## The data:
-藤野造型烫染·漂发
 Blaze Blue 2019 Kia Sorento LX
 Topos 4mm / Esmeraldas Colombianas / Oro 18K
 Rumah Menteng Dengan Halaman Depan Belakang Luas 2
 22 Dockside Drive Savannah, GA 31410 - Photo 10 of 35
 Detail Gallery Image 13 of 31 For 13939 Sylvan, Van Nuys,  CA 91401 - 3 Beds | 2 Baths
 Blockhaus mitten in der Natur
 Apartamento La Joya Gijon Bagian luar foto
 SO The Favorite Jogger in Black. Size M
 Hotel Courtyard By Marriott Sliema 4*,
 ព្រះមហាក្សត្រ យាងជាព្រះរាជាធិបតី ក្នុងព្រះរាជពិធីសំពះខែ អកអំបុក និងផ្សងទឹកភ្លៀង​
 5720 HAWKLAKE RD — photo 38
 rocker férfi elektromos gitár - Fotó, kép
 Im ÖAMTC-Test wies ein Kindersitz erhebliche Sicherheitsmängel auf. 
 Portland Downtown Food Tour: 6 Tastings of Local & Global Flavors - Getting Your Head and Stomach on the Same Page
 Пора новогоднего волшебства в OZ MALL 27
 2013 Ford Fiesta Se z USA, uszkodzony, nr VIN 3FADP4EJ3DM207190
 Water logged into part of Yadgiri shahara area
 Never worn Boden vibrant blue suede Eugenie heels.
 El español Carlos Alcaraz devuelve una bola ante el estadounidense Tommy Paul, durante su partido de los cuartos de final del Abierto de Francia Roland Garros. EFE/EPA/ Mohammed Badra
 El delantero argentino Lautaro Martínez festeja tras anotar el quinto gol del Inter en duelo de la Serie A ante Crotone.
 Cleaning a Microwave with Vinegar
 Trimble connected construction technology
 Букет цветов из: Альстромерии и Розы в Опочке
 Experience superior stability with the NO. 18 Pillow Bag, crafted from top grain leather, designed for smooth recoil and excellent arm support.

## To do:
Only this range is to be output: the line that contains "Blockhaus mitten in der Natur" through the last line of the records above, both inclusive.

## Solved exercise:
 Blockhaus mitten in der Natur
 Apartamento La Joya Gijon Bagian luar foto
 SO The Favorite Jogger in Black. Size M
 Hotel Courtyard By Marriott Sliema 4*,
 ព្រះមហាក្សត្រ យាងជាព្រះរាជាធិបតី ក្នុងព្រះរាជពិធីសំពះខែ អកអំបុក និងផ្សងទឹកភ្លៀង​
 5720 HAWKLAKE RD — photo 38
 rocker férfi elektromos gitár - Fotó, kép
 Im ÖAMTC-Test wies ein Kindersitz erhebliche Sicherheitsmängel auf. 
 Portland Downtown Food Tour: 6 Tastings of Local & Global Flavors - Getting Your Head and Stomach on the Same Page
 Пора новогоднего волшебства в OZ MALL 27
 2013 Ford Fiesta Se z USA, uszkodzony, nr VIN 3FADP4EJ3DM207190
 Water logged into part of Yadgiri shahara area
 Never worn Boden vibrant blue suede Eugenie heels.
 El español Carlos Alcaraz devuelve una bola ante el estadounidense Tommy Paul, durante su partido de los cuartos de final del Abierto de Francia Roland Garros. EFE/EPA/ Mohammed Badra
 El delantero argentino Lautaro Martínez festeja tras anotar el quinto gol del Inter en duelo de la Serie A ante Crotone.
 Cleaning a Microwave with Vinegar
 Trimble connected construction technology
 Букет цветов из: Альстромерии и Розы в Опочке
 Experience superior stability with the NO. 18 Pillow Bag, crafted from top grain leather, designed for smooth recoil and excellent arm support.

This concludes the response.